The Human Cost of High Food Prices
In a 2016 report, a group of researchers from the University of Utah and the People’s University of China stated that “if world grain and soybean exports fail to increase significantly between now and 2030, China’s rising imports will impose unbearable pressure on the world grain market.” As a result, “many small and poor countries will be priced out of the world grain market.” (13)
This raises some tough ethical problems, not just for environmentalists, feminists and animal rights activists, but for ordinary conscious consumers. Yet it is only one facet of a set of problems which get increasingly gnarly as you follow the chain of causality that starts with handfuls of grain and ends at our meat markets.

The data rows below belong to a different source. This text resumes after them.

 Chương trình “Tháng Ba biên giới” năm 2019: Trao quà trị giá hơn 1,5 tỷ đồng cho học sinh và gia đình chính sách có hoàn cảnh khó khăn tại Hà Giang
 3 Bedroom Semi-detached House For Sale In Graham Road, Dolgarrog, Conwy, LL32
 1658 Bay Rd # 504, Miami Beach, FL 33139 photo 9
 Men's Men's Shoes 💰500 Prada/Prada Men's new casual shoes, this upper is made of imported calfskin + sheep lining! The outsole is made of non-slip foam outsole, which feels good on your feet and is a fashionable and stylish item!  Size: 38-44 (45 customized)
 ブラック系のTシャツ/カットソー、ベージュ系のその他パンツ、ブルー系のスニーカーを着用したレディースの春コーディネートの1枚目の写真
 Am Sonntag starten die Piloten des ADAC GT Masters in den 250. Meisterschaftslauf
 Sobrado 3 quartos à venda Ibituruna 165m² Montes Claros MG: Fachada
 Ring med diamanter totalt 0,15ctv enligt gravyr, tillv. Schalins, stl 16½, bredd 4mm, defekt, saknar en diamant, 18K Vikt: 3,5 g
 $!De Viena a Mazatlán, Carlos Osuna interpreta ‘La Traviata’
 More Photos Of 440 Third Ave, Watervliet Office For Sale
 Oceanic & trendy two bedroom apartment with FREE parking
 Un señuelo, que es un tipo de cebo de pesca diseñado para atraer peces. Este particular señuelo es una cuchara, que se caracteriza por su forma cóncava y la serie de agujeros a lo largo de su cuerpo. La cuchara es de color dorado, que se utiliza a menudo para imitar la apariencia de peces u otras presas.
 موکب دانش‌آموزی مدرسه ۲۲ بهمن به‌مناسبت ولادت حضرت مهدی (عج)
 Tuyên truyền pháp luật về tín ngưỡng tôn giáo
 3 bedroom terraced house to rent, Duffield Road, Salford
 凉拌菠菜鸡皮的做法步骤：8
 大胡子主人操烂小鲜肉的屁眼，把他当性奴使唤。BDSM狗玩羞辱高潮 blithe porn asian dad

World hunger is not caused by insufficient food supply, as is commonly thought. We actually produce enough food for everyone. The real cause of chronic hunger among the 975 million people still facing it, is cost. The World Food Program puts this foremost in it’s list of reasons for global hunger, summarizing that “people living in poverty cannot afford nutritious food for themselves and their families (14).
Moreover, we’ve seen that surging food prices have a direct and devastating impact on hunger, malnutrition and poverty with women being the first to suffer and the last to receive relief. In 2008, the Food and Agricultural Organization of the UN reported that rising food prices increased the number of undernourished people, globally, by 75 million. Yet in the coming decade, market forces will orchestrate the funneling of 100 million tons of food that people could eat into the mouths of pigs, geese and chickens.
Meanwhile, India is absolutely water strapped and growing rapidly, yet they’ll barely move the needle on demand for food imports and, consequently, the all-important price of food, everywhere else. This shows just a portion of the consequences of the kind of food we habitually put on our plates.
The truth is that consumers at Chinese meat markets are unwittingly bidding up global food prices every time they buy meat, and thereby contributing to humanity’s misery index. But the same is substantially true of consumers in the United States and Europe. Conversely, if we take India as an example, we see that a diet with greater emphasis on plant-based protein, and lower meat consumption frees up massive amounts of resources for everyone else.
This is the story of China versus India. A story of two divergent levels of impact which start in their bowls and on their plates. But the story has yet to unfold and there’s no reason to believe it can’t go differently. Never before has there been such an easy solution to such expansive global challenges at the fingertips of normal people, everywhere.
Lentils, beans, nuts, seeds, whole grains and soy are rich in high quality protein which beats out all animal protein in a head-to-head comparison of cost, and environmental impact. Artificial meat and even plant-based eggs and cheese are reaching new standards and a preponderance of scientific evidence is showing that these foods are actually better for us.
The key is that we not let perfect be the enemy of the good and ditch the binary thinking that veganism and normal high meat consumption are the only options. Reduced meat consumption can and should play a major role in reducing international hunger.
The coming decades present many challenges, but ensuring that everyone gets enough to eat without working our farmland to dust and bankrupting groundwater reserves should not be among them. China and India teach us that there is a simple means of reducing world hunger and the solution is in all of our hands.